#### [TO DO]
Across the entries below, the lines containing "black" should be counted and only their number returned.

Dataset entries
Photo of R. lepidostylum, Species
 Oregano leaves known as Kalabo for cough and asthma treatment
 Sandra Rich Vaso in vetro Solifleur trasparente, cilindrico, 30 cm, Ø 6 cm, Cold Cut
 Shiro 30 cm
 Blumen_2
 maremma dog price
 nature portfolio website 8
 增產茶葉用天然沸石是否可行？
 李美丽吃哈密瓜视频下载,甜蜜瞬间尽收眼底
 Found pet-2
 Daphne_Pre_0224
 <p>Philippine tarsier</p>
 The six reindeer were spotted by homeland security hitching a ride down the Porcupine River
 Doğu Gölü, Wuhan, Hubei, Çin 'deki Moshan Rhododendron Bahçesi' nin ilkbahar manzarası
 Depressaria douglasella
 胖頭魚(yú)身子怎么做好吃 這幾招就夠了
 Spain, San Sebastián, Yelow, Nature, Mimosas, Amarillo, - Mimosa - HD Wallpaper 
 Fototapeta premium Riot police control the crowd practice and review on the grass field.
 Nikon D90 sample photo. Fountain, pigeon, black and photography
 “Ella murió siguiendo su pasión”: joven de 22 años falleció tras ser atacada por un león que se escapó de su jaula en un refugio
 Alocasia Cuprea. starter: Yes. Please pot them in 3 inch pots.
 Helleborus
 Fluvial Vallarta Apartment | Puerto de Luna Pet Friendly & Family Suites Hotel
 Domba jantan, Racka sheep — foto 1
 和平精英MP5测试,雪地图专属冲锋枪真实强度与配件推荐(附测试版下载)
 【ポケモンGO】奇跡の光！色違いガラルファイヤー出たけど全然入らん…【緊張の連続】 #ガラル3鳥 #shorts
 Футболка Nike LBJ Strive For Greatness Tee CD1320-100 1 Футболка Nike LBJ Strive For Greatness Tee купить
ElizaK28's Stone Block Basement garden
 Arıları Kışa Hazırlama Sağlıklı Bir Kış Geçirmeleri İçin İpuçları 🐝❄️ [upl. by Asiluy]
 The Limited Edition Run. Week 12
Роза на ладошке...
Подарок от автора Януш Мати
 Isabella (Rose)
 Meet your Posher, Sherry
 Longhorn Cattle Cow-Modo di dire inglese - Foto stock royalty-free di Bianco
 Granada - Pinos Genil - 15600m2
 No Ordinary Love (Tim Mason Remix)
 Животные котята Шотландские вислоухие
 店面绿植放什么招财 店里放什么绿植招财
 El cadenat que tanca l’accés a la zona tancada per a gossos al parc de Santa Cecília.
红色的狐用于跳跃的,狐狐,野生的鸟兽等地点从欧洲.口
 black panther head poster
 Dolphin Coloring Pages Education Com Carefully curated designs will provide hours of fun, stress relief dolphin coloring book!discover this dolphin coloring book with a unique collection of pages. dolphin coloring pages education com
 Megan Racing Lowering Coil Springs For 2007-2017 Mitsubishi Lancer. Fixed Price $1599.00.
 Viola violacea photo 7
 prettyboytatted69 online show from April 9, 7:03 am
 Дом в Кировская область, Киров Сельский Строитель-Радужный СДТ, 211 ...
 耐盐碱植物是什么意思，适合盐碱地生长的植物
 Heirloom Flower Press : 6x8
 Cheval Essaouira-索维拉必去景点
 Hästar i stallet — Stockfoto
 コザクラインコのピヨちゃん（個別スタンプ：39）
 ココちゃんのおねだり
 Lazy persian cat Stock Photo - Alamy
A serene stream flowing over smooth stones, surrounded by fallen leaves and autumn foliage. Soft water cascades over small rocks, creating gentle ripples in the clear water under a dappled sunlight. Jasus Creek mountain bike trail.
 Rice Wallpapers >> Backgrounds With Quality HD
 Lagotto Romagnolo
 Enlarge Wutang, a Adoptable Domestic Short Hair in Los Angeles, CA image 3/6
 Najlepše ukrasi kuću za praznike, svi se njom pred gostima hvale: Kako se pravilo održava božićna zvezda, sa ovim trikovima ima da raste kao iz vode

#### [SOLUTION FOR THIS PROBLEM]
2